(Data Opens)

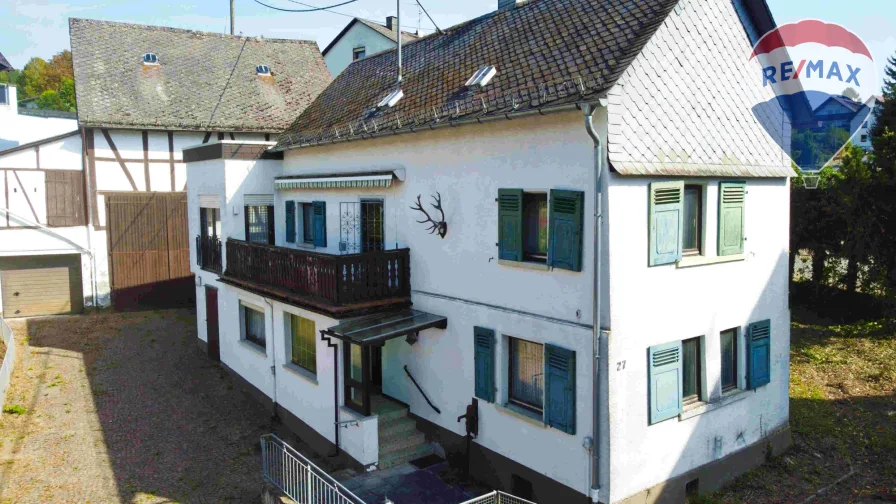 01 Außenansicht - Haus kaufen in Beselich - Einfamilienhaus mit Scheune und Garten in Beselich zu verkaufen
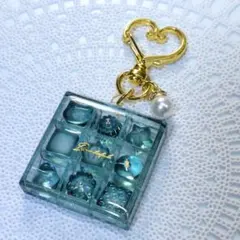 【ハンドメイド】大人可愛いチョコレートBOX レジンチャーム エメラルド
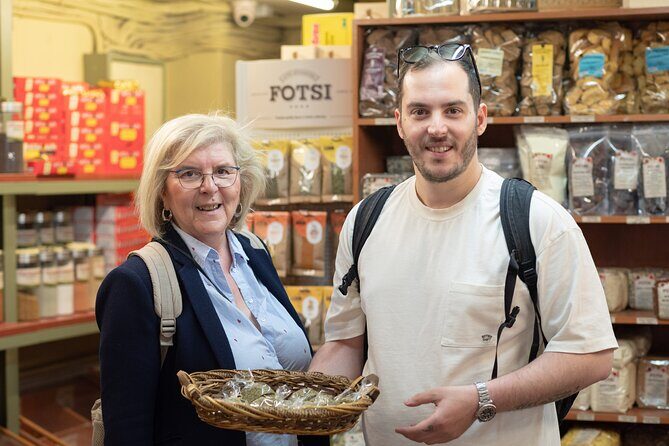 Explore the hidden food gems of Athens - The meal: lunch, snacks, alcohol, and why you should not eat beforehand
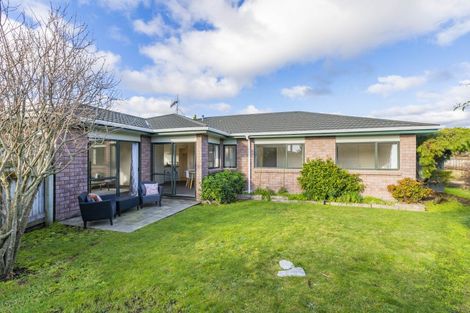 Photo of property in 16 Beachwater Grove, Paraparaumu Beach, Paraparaumu, 5032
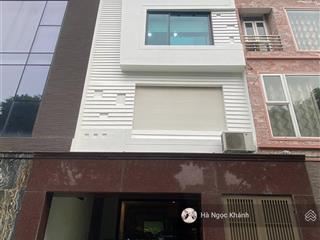 (giảm sâu 1 tỷ) phố trần bình  80m2  nhà đẹp 5 tầng  có sân  ô tô ngủ trong nhà  18,5 tỷ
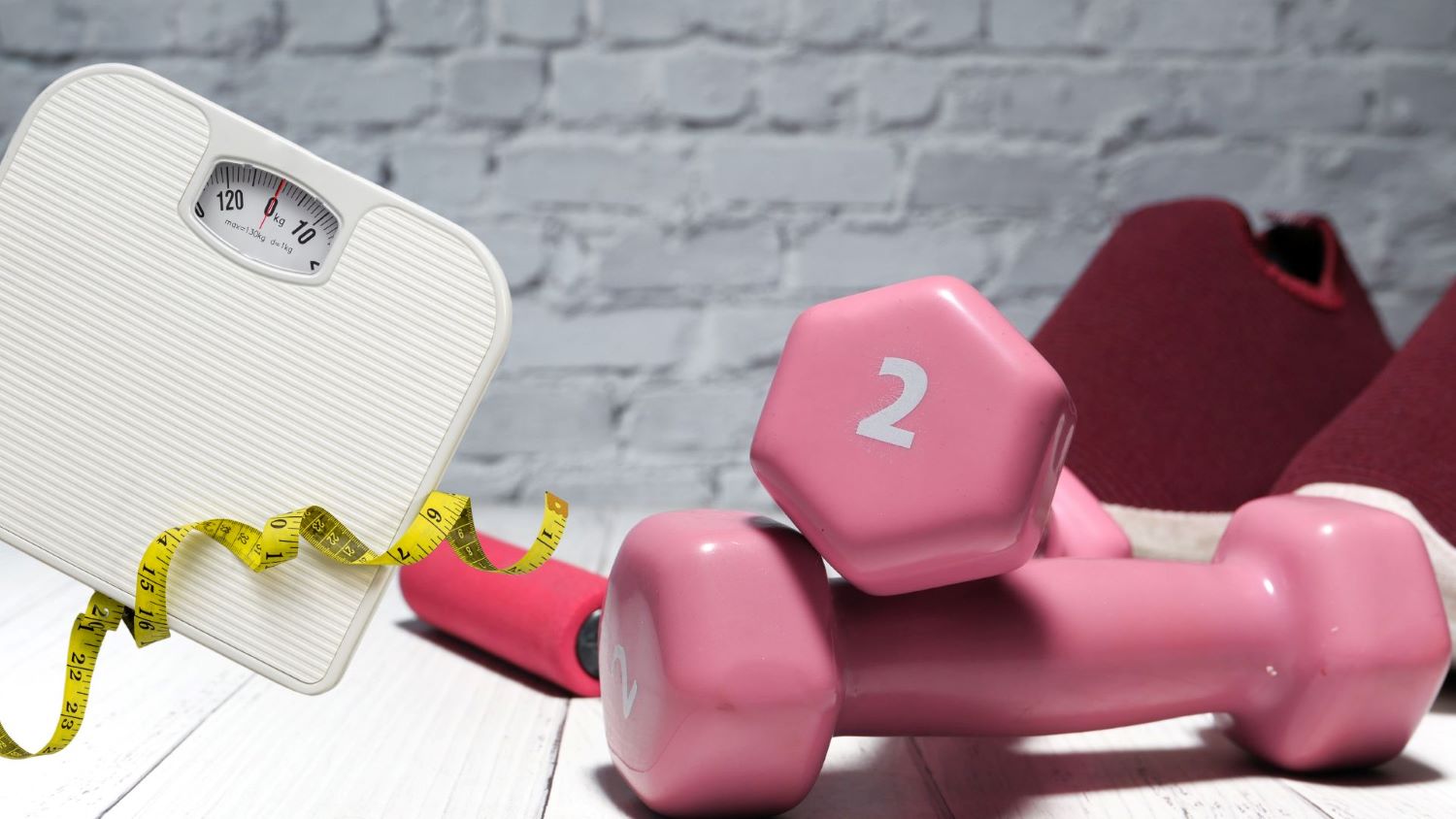 Focusing only on light, low-intensity weight training is one of the mistakes that makes it difficult for you to lose belly fat. Graphics: Thanh Thanh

(Data Closes)

About this task >>
Leaving the pictures aside, transcribe exactly the lines from the one containing "(giảm sâu 1" to the final line of the entries above, both ends included.

Response >>
 (giảm sâu 1 tỷ) phố trần bình  80m2  nhà đẹp 5 tầng  có sân  ô tô ngủ trong nhà  18,5 tỷ
 Focusing only on light, low-intensity weight training is one of the mistakes that makes it difficult for you to lose belly fat. Graphics: Thanh Thanh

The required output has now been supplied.